Un pays libre, souverain et indépendant
Un béret sur la tête, François, retraité de 80 ans, dont la carence auditive lui a épargné d’entendre les raids des derniers mois, et son épouse, Laurence, partagent leur son “optimiste”. Ce qu’espère cet ancien banquier, résident de Sioufi, c’est “la paix et le déploiement de l’armée sur tout le territoire“. Il veut tellement que le Liban “devienne enfin un pays souverain et libre”.
Professeur d’anglais, Sina (qui veut dire lune en syriaque), n’a qu’un seul désir, elle aussi, que le Liban devienne enfin un pays souverain. “Je souhaite surtout que cette guerre soit la dernière. Nous méritons de vivre en paix dans un pays normal”, poursuit-elle émue.

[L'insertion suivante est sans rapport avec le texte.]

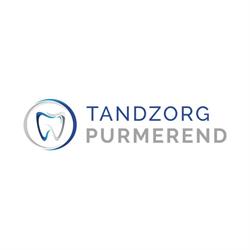 Tandzorg Purmerend, openingstijden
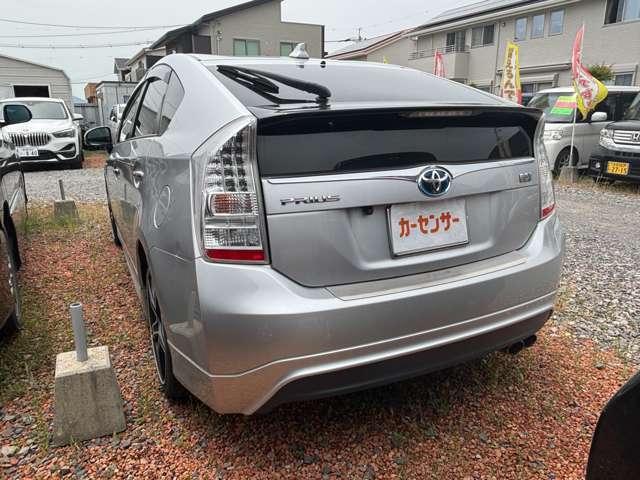 フリーダイヤル電話料金無料。こちらにお電話ください。TEL　0078-6003-350351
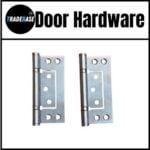 Door Hardware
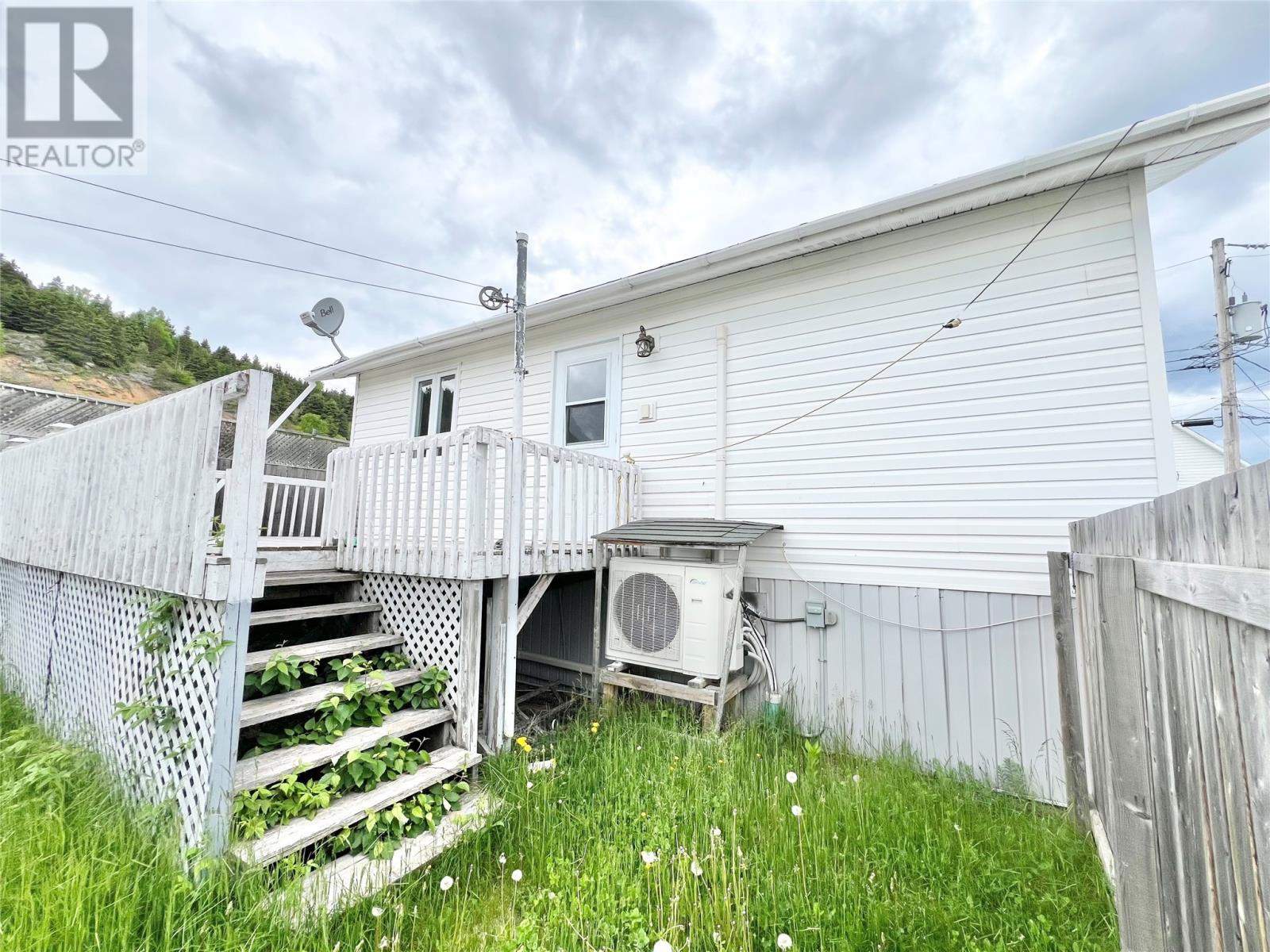 6 Orange Lane, Springdale, Newfoundland & Labrador  A0J 1T0 - Photo 24 - 1287847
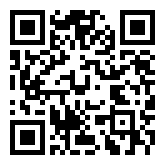 http://www.dsjgame.cn/RPG/15354.html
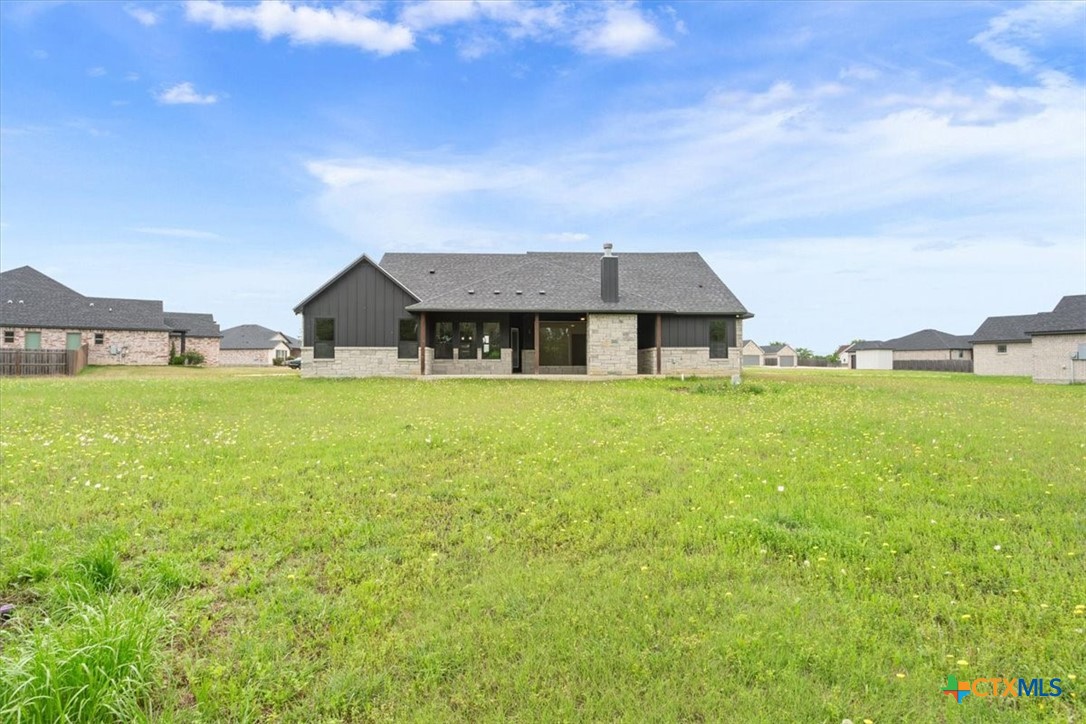 7143 Kc Ranch Court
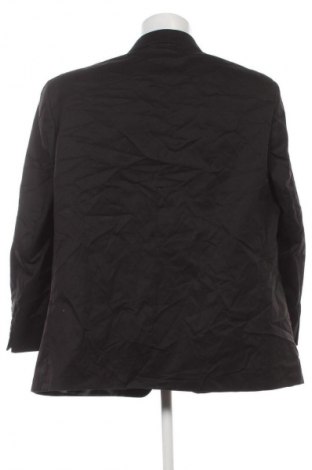 Pánské sako  Unbranded, Velikost XXL, Barva Černá, Cena  309,00 Kč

“J’ai juste une envie, prendre ma voiture et aller rendre visite à mes amis qui habitent Ain el-Remmaneh et Chiyah”, ajoute celle qui confie n’avoir pas bougé d’Achrafieh depuis des mois.
Pour la première fois depuis des mois, Pamela, lycéenne de 15 ans, se sent heureuse. “Je vais enfin revoir mes amis et vivre normalement“, jubile-t-elle, comme ses parents avaient limité ces déplacements durant la guerre.
“Je me suis réveillée ce matin au son du gazouillis des oiseaux sur mon balcon! Plus de drone assourdissant! Pas de klaxons, pas d’embouteillages, pas de nouvelles atroces bombardant mon écran de téléphone, pas de raids”, raconte Kareen, la petite quarantaine.
Le réveil était léger, étrange aussi, avec un sentiment d’espoir mêlé à une grande inquiétude par rapport à l’avenir! L’espoir puis la grande question, en faisant mon café: celle de savoir si ce gouvernement fantoche allait une nouvelle fois dépecer le pays, l’achever! Serait-il capable cette fois-ci de liquider la milice de la mort? Je rêve du Liban d’avant, celui de l’âge d’or, celui que je n’ai pas connu” confie-elle, émue.
Les craintes et les souhaits de Kareen, sont ceux de toute une génération qui veut enfin croire en un pays libre, souverain et indépendant.